En face, on a une population locale jeune ou moins jeune avec des enfants qui n’arrivent pas à se loger correctement avec un salaire autour de médiane des salaires. Concrètement d’un côté les primo-accédants locaux ont un budget de l’ordre de 250000 € maximum et de l’autre des primo-accédants ou pas avec un budget supérieur à 300 000€ voir beaucoup plus.

Avec le Covid, les choses se sont accélérées. Lors de la 1ère vague, nombre de citadins sont venus se confiner dans leur résidence secondaire ou ont loué une maison, un appartement en bord de mer. Dès l’été dernier, certains ont décidé de déménager en région.

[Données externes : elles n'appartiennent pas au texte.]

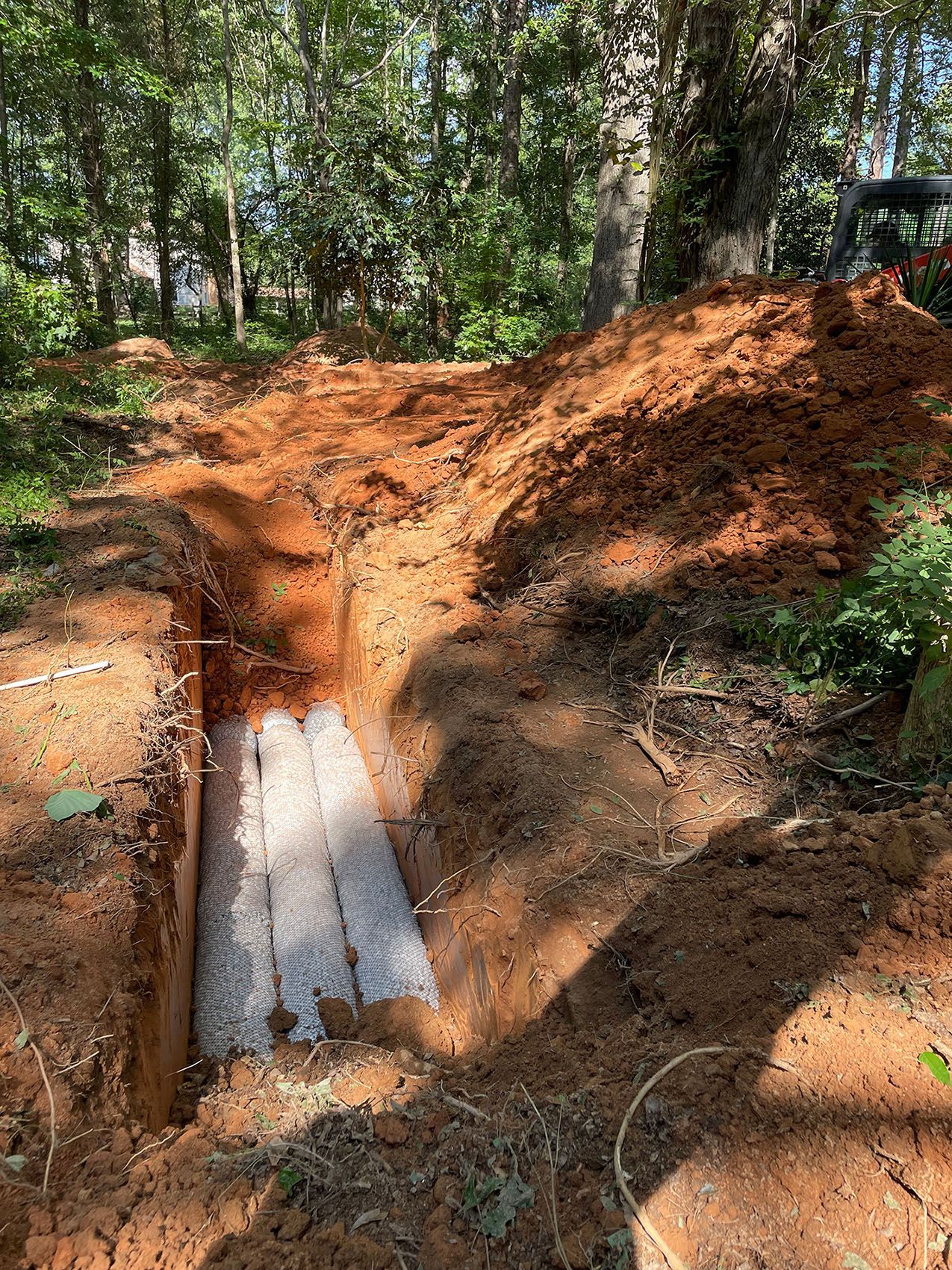 A large pile of dirt is sitting in the middle of a dirt field.
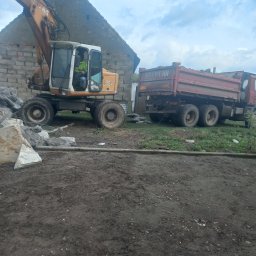 Sprzedaż żwiru I piasku transport od 1t do 20t - Żółta koparka kołowa obok czerwonej ciężarówki, prawdopodobnie podczas prac rozbiórkowych lub porządkowych na terenie budowy, z gruzem w tle.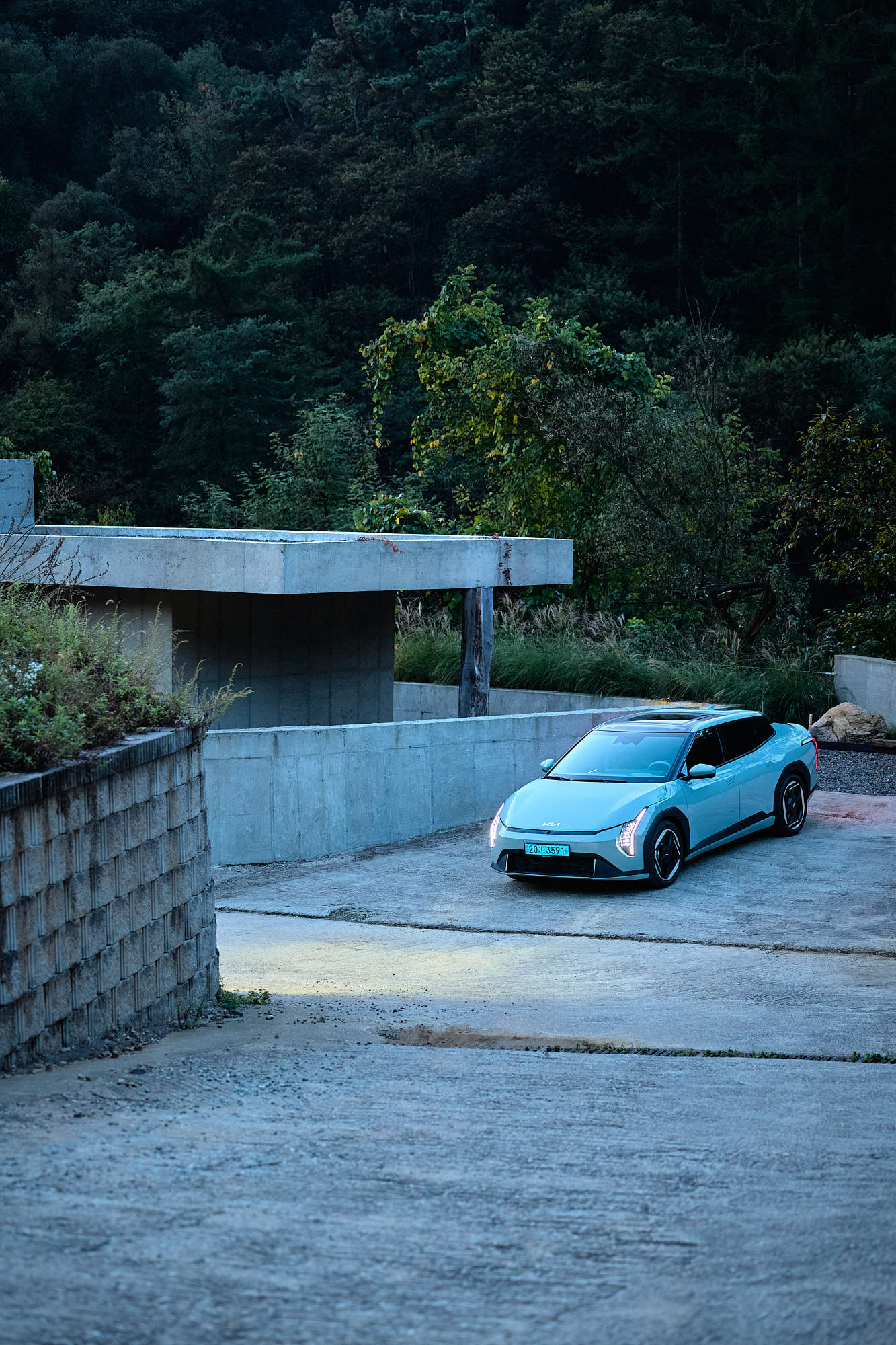 Kia EV4 framed by Myök concrete architecture and dense forest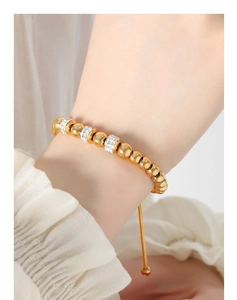Détail macro du bracelet à billes en or 18k avec breloques en strass et fermoir ajustable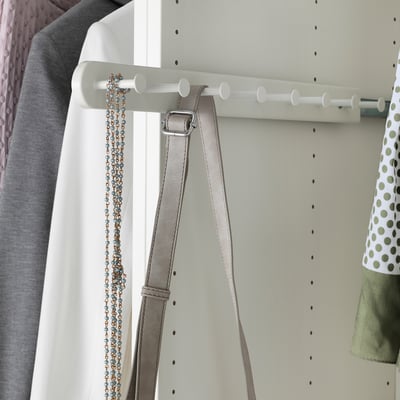White wardrobe organiser with hooks hanging belts and jewellery.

Dans mes connaissances, 30% des gens ont déménagé ou ont pris la décision de le faire dans un délai court. Les agents immobiliers se sont soudainement retrouvés submergés de travail et tous les biens invendus depuis des lustres ont finalement trouvé preneur. Les prix ont augmenté 15 à 20 % sur certains secteurs de la côte comme à Hendaye, sur des prix déjà hauts au départ. Pour donner un exemple concret, une maison mitoyenne de 3 chambres bien placée dans Anglet est passée en 2 ans de 275 000 € à 400 000 €. Par effet de propagation, les prix ont augmenté dans le Pays basque intérieur. Donc globalement, si tu veux gagner 20 min de temps de transport tous les jours, tu payes 20% de plus au minimum.

Résultat : Les inégalités sociales augmentent, les tensions aussi. On observe de plus en plus d’actions contre les agences immobilières, même si elles ne sont que le maillon visible du problème. Des actions légales aussi contre certaines ventes de terres agricoles quand c’est possible.